I giudizi su questo ritorno della band scozzese che per anni ha illuminato le giornate adolescenziali di una generazione cresciuta con le note e i racconti di "If You're Feeling Sinister" e "The Boy With An Arab Strap" si rincorrono qua e là per la rete e per i canali d'informazione musicale senza trovare un bilanciamento, un parere che metta tutti d'accordo. E io purtroppo non faccio eccezione.

L'attesa per questo "The Life Pursuit" è stata placata dai fugaci ascolti in rete da un mese a questa parte, che lasciavano presagire una mossa più decisa verso il pop radiofonico (o almeno verso il pop per come lo intendono i Belle & Sebastian) con abbondante uso di tastiere e la chitarra acustica relegata in secondo piano.
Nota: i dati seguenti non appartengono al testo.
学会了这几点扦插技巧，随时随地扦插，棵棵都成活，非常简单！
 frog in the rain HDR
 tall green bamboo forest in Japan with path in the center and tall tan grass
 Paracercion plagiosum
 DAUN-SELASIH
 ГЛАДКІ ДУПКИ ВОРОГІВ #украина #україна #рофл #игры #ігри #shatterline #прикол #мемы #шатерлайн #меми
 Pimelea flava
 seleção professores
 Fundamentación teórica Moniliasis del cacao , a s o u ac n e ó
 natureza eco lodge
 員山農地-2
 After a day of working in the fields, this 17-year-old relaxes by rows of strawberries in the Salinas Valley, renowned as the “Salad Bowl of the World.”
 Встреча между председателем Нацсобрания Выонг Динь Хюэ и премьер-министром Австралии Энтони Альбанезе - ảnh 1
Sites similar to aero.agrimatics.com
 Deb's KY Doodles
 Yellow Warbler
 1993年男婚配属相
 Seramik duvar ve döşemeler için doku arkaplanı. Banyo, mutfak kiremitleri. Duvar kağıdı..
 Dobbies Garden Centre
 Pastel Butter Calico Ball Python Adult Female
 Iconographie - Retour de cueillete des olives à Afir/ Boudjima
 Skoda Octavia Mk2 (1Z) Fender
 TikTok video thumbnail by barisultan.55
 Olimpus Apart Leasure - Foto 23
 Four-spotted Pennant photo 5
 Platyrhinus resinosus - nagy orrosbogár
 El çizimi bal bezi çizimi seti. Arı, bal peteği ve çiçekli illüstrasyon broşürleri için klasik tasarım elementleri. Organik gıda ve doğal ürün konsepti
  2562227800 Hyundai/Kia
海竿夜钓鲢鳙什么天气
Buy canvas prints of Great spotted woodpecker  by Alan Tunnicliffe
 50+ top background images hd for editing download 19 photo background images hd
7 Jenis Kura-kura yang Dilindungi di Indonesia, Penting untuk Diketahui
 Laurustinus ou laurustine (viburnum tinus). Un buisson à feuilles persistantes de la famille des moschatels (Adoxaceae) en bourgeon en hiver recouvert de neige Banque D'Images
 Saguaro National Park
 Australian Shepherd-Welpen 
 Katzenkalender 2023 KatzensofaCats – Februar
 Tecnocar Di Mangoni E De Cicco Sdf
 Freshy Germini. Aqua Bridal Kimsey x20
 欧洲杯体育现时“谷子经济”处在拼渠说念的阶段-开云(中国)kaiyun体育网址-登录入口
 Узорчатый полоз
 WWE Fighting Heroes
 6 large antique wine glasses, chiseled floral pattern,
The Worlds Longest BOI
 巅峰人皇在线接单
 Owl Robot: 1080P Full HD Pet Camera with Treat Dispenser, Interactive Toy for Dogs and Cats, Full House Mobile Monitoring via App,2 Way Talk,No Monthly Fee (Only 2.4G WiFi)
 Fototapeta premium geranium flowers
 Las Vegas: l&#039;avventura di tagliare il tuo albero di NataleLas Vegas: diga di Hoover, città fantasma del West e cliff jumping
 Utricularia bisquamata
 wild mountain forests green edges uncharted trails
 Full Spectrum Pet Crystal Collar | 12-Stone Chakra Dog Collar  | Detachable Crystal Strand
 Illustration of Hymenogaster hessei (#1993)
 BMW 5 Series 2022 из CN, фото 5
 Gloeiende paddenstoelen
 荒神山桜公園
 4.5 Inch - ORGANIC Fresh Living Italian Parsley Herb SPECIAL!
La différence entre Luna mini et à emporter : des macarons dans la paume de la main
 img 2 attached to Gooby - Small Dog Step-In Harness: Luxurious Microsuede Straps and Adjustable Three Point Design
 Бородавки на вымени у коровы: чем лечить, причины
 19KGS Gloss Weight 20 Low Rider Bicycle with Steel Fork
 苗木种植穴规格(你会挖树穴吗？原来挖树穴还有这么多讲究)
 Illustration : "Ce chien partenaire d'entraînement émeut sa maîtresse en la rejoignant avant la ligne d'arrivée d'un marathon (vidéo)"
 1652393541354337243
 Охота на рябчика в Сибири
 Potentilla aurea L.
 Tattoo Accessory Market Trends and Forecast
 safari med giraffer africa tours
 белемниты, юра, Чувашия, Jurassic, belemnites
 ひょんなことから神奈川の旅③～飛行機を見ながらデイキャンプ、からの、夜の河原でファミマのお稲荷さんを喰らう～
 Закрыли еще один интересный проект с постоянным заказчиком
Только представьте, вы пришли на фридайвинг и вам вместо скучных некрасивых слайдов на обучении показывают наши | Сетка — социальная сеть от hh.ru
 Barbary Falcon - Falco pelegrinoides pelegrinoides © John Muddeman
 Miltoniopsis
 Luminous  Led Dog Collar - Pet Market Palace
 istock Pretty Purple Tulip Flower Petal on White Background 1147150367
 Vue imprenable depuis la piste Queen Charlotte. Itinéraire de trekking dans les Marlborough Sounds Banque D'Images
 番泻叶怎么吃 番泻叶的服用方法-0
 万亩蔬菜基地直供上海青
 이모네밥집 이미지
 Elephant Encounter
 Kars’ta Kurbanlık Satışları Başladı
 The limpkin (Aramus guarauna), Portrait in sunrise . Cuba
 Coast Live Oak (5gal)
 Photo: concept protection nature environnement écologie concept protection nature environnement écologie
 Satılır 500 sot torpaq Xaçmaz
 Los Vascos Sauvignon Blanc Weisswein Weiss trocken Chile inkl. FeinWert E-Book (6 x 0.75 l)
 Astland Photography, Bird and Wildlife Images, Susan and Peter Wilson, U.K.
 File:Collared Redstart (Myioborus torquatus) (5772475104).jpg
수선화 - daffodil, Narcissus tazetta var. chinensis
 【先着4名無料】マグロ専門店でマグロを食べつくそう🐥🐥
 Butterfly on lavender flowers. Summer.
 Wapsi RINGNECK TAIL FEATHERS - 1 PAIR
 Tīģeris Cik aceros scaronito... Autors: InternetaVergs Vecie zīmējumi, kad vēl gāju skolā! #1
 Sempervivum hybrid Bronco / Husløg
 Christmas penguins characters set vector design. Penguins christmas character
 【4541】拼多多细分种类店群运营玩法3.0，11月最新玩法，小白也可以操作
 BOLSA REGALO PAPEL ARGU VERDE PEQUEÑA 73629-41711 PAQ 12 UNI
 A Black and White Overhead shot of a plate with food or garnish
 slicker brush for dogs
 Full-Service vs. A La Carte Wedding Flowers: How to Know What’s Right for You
La prima cosa che mi è venuta in mente ascoltando questo nuovo album è che la conoscenza enciclopedica della storia del rock da parte dei singoli musicisti è venuta finalmente fuori e questo si sente nella molteplicità di riferimenti (un arpeggio, un battito, un'invenzione sonora) a generi musicali che la band non aveva minimamente fatto intuire di potersi ritenere in parentela: ed è questo forse l'aspetto che ha lasciato molti completamente spiazzati, me compreso (ma fino a un certo punto).

Sulle prime, il singolo "Funny Little Frog" (con quel pianoforte che ricorda molto l'intro di "Death On Two Legs" dei Queen) non mi piaceva, e diversi pezzi li trovavo semplicemente disgustosi (Song For Sunshine è una delle canzoni più orrende che abbia mai ascoltato)... però però, dopo qualche ascolto più attento e meno vincolato da beceri pregiudizi, ho rivalutato questo nuovo disco, sicuramente migliore di "Dear Catastrophe Waitress". È chiaro che i Belle & Sebastian, dopo avere dettato legge in ambito indie per anni, volessero ammiccare a un pubblico più vasto, e questo non è certo un reato se è abbinato a un mantenimento di livello alto e di una produzione valida (e non è un traguardo impossibile nemmeno in campo mainstream, vedi Gorillaz)... se era questo l'obiettivo, si può dire perfettamente centrato appunto con "Funny Little Frog" (che pur non convincendomi ancora ne riconosco il potenziale catchy), "The Blues Are Still Blue" (bel riffone à la T. Rex e cadenza looureediana), "To Be Myself Completely" (purissimo northern soul, il brano migliore), e le due canzoni che si avvicinano maggiormente al suono del passato, "Another Sunny Day" e "Dress Up In You"... queste canzoni che ho citato meritano ampiamente di stare nel "best of" del loro repertorio. Il problema ora è: e le altre? Mai sentita in un disco una sequela più schizofrenica di alti e bassi: pezzi che risentiresti per tutta la vita alternati ad altri che skippi di continuo... forse si salva il sofisticato funk caraibico un pò smithsiano di "For The Price Of A Cup Of Tea" ma le altre sembrano francamente delle b-sides, per quanto posso sottilmente apprezzare la ricerca (da parte di chi? chi sarà il "colpevole"?) di allusioni alla bubblegum music dei primi anni '70.

Alla fine propendo per l'ipotesi che la band scozzese volesse proprio provocare nell'ascoltatore l'effetto che ho sentito anch'io: ancora non ho capito se questo sia un disco geniale o un brusco passo falso. Probabilmente sarà il disco dei Belle & Sebastian che venderà di più, ma, per una volta, non sono così sicuro che la virtù stia nel mezzo.